▶ **Collected data**
╭──
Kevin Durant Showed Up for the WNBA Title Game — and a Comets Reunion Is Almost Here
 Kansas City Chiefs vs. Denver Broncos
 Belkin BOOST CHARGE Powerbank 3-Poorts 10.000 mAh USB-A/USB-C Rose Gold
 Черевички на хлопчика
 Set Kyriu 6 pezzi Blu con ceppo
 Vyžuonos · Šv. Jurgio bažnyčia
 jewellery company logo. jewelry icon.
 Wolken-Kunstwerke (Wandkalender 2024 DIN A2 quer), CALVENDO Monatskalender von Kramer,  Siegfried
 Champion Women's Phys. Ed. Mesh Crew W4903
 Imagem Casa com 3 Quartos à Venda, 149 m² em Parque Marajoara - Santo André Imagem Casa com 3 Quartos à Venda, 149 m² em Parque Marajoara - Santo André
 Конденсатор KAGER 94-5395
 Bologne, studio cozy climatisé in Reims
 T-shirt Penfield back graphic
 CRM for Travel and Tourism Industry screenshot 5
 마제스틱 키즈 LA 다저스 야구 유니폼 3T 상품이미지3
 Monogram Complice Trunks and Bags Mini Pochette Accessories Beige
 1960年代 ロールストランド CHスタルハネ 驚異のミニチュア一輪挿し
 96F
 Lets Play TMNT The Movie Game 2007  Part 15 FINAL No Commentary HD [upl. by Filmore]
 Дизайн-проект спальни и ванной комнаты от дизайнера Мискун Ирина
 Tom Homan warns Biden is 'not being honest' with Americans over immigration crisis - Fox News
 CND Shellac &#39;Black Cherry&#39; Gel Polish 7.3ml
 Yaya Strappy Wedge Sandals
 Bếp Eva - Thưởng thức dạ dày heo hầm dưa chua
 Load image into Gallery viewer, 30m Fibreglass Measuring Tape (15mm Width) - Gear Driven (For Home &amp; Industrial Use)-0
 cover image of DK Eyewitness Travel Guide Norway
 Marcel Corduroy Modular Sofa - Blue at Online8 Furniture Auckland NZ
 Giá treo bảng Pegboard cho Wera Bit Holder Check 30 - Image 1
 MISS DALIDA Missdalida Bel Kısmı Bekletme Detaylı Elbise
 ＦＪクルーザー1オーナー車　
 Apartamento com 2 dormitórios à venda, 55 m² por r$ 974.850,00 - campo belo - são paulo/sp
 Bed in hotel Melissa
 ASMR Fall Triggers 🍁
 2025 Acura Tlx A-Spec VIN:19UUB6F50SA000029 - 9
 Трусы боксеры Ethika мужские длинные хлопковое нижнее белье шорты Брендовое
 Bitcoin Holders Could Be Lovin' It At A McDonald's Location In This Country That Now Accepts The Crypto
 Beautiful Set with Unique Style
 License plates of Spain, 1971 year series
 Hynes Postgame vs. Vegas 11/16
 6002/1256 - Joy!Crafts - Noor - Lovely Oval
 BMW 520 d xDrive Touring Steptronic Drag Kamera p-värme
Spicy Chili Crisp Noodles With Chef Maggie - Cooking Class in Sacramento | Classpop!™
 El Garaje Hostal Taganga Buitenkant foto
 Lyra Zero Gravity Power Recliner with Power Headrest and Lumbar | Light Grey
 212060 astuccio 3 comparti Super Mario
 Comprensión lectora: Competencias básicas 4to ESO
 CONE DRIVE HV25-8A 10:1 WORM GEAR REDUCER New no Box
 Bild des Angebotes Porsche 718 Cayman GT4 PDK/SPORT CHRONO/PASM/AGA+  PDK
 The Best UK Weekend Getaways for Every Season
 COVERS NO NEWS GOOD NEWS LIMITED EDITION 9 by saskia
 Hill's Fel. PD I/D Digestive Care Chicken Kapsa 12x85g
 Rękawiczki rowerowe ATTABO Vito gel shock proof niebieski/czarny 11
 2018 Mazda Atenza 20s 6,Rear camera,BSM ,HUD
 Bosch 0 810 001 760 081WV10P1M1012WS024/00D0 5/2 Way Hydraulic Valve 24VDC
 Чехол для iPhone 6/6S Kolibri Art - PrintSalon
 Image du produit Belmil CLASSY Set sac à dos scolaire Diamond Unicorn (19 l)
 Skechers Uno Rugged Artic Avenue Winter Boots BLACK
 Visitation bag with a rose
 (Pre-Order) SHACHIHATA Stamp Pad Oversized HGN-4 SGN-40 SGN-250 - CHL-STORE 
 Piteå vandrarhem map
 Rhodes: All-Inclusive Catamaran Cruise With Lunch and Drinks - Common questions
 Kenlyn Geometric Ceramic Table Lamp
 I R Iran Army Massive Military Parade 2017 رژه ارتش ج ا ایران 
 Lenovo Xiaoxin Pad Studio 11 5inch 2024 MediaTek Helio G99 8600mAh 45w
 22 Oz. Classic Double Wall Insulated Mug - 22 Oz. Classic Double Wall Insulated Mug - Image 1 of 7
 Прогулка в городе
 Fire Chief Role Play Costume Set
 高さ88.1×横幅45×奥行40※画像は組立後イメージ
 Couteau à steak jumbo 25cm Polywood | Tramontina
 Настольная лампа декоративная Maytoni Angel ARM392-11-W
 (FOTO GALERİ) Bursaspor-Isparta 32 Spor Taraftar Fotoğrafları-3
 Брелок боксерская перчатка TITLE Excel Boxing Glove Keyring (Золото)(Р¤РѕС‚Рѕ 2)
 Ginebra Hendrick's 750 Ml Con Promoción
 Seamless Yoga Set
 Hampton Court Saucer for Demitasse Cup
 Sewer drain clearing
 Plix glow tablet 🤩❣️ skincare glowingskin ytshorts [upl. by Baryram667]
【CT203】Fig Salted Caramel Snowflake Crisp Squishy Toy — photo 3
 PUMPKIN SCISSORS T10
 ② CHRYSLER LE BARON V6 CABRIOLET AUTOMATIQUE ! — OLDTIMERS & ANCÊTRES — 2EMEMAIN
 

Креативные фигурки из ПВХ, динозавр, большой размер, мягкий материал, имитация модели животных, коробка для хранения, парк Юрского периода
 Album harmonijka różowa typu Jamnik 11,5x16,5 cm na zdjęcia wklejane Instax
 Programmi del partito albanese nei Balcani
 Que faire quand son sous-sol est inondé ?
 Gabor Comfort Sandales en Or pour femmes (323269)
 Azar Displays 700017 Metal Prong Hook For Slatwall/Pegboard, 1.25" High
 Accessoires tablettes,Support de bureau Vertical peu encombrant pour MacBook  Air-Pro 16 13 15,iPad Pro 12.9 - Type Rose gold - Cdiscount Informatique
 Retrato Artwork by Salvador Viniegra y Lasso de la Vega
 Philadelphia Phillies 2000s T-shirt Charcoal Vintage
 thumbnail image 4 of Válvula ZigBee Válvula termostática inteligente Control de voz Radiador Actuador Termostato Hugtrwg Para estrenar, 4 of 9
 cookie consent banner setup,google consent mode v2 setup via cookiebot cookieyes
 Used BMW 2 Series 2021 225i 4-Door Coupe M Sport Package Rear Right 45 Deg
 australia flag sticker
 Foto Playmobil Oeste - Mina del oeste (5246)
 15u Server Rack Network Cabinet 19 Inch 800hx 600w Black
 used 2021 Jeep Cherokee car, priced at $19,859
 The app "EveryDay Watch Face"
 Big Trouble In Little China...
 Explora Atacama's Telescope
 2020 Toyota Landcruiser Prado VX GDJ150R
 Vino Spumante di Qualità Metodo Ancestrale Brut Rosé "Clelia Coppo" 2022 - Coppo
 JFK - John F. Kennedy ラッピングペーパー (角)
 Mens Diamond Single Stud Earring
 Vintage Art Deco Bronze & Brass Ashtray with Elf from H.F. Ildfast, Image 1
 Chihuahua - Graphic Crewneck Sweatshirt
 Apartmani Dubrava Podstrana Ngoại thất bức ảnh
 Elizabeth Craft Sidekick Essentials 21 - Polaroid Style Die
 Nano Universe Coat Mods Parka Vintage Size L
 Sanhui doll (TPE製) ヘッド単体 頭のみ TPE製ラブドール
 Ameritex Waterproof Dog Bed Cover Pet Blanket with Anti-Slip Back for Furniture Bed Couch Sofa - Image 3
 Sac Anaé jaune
╰──
▶ **EXERCISE BRIEF**
Which lines hold the string "pour"? Copy all of them from the data above.

▶ **EXERCISE RESPONSE**
 Gabor Comfort Sandales en Or pour femmes (323269)
 Accessoires tablettes,Support de bureau Vertical peu encombrant pour MacBook  Air-Pro 16 13 15,iPad Pro 12.9 - Type Rose gold - Cdiscount Informatique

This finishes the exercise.